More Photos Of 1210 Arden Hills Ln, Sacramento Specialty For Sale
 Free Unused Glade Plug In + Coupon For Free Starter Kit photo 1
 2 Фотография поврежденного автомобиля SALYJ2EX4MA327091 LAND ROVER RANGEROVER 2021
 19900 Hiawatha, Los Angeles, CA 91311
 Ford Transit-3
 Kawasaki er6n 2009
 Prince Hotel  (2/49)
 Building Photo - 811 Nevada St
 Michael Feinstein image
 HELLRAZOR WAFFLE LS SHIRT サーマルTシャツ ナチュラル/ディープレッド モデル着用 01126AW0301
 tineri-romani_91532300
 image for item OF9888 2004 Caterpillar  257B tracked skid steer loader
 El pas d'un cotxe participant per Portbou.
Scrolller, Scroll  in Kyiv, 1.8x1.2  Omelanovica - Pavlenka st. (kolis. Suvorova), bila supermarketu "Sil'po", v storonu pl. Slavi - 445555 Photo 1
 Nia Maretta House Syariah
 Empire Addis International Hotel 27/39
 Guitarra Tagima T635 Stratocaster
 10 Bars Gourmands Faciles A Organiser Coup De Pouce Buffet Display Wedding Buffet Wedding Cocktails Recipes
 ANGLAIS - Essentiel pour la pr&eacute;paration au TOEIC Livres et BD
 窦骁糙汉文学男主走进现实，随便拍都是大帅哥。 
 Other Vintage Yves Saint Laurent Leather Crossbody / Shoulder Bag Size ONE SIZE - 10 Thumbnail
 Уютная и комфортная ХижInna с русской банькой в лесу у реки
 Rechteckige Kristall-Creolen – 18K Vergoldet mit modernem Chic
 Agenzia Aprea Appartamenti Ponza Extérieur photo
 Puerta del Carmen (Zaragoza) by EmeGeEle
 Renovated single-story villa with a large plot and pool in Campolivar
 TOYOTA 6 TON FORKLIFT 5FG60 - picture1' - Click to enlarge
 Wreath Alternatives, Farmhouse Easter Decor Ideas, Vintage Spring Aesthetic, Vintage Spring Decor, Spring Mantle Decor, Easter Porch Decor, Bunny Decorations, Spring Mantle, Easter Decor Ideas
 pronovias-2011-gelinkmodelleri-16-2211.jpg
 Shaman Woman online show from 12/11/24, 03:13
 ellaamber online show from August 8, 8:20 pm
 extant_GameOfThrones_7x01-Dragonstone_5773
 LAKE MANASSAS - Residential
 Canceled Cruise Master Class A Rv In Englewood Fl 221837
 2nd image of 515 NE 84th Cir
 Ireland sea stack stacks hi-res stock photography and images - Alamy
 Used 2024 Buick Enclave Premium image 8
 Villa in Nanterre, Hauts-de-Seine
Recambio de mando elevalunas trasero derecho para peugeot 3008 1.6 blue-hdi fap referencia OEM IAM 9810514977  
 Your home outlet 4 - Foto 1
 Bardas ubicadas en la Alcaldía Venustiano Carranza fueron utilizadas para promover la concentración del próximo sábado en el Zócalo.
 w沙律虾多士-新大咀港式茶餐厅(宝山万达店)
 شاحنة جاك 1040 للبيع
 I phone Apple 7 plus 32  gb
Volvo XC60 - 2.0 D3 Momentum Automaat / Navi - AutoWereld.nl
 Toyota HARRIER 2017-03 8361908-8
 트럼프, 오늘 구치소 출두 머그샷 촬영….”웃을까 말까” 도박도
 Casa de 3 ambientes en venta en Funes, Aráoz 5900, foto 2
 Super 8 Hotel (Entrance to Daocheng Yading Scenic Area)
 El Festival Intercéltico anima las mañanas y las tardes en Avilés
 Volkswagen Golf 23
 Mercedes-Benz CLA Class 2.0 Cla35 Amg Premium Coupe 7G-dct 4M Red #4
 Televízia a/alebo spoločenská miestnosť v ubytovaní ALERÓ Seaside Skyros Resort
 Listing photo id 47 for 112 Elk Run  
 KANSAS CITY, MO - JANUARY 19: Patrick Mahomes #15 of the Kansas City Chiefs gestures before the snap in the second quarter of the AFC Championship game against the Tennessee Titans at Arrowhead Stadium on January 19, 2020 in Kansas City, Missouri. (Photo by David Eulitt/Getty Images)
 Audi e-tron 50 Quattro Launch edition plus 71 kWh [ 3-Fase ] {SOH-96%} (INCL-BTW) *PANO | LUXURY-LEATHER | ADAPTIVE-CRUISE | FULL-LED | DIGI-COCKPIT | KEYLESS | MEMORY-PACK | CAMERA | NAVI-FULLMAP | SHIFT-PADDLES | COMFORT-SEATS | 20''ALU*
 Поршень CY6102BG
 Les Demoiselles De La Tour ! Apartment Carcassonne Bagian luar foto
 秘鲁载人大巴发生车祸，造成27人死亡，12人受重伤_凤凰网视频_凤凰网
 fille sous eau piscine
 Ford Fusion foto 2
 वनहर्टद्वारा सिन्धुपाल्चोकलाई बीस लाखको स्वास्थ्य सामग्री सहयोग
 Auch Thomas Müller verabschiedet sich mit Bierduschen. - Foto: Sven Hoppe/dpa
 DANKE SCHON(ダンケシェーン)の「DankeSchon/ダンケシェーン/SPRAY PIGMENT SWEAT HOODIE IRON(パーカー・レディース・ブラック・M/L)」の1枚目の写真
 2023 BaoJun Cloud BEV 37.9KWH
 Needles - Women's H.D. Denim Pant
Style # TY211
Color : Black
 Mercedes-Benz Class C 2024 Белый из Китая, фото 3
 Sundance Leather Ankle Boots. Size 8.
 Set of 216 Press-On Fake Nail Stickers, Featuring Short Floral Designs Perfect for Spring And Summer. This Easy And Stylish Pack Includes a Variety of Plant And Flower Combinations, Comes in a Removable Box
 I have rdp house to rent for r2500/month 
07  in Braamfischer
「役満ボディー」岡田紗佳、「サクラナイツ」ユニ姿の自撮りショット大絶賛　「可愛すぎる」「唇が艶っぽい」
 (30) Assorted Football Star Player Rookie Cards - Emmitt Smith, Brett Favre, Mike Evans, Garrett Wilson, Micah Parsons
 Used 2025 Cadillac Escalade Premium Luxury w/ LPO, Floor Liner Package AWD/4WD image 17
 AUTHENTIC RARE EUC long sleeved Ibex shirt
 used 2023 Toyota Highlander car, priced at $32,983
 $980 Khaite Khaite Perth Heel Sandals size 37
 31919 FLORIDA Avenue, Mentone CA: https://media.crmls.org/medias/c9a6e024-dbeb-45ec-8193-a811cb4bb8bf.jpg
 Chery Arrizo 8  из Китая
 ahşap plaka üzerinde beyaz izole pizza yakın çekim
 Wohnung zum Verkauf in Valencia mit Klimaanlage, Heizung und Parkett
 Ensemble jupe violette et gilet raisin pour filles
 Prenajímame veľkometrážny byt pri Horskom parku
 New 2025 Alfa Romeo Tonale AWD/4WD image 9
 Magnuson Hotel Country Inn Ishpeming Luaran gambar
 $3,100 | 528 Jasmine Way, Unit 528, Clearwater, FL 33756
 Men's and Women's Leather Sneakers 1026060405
━━━━━━━━
■ Work request ■
Looking through the records, copy out every line in which the word "Women" is found.

■ Response to the exercise ■
 Needles - Women's H.D. Denim Pant
 Men's and Women's Leather Sneakers 1026060405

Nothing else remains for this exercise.